> **Task instructions**: From the data underneath, reproduce exactly the stretch that begins at the line with "For updating data, you" and ends after the line with "In this problem, we're".

> **Given information**:

····················

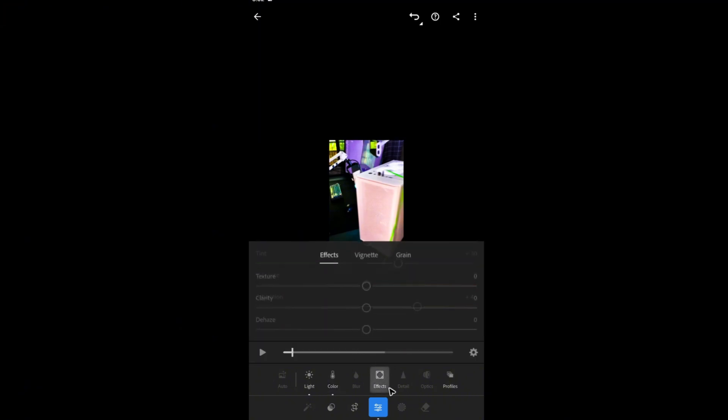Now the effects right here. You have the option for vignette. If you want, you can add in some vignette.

····················

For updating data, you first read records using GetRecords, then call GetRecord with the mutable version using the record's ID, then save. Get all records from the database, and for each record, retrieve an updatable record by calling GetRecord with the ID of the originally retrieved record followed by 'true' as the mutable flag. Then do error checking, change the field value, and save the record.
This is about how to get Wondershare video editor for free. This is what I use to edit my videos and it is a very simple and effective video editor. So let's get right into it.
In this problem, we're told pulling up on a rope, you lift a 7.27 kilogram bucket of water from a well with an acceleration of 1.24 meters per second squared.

····················

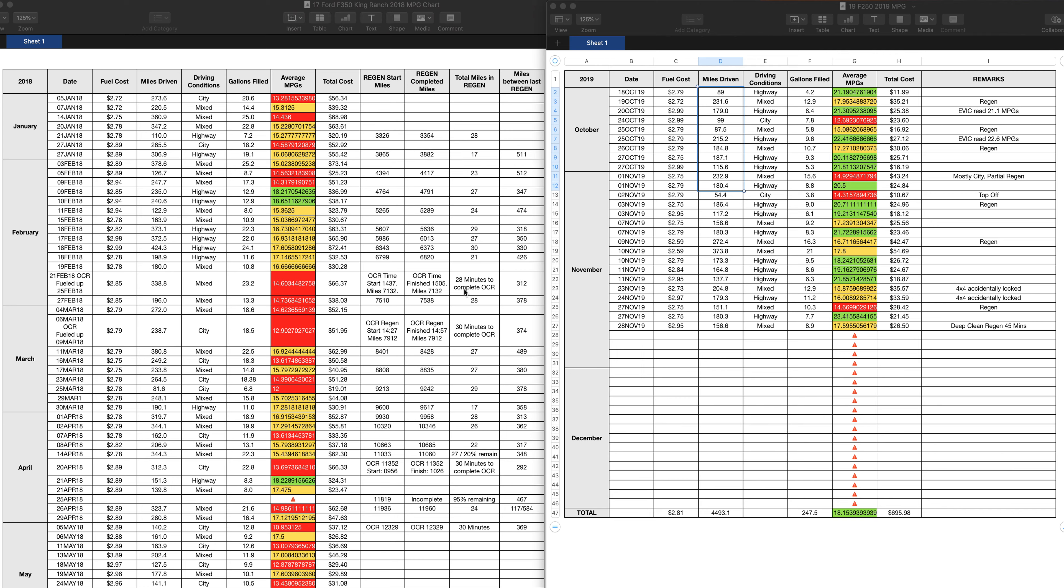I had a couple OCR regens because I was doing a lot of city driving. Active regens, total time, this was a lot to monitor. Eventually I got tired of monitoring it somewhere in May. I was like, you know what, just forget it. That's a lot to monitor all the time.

····················

> **Exercise result**:
For updating data, you first read records using GetRecords, then call GetRecord with the mutable version using the record's ID, then save. Get all records from the database, and for each record, retrieve an updatable record by calling GetRecord with the ID of the originally retrieved record followed by 'true' as the mutable flag. Then do error checking, change the field value, and save the record.
This is about how to get Wondershare video editor for free. This is what I use to edit my videos and it is a very simple and effective video editor. So let's get right into it.
In this problem, we're told pulling up on a rope, you lift a 7.27 kilogram bucket of water from a well with an acceleration of 1.24 meters per second squared.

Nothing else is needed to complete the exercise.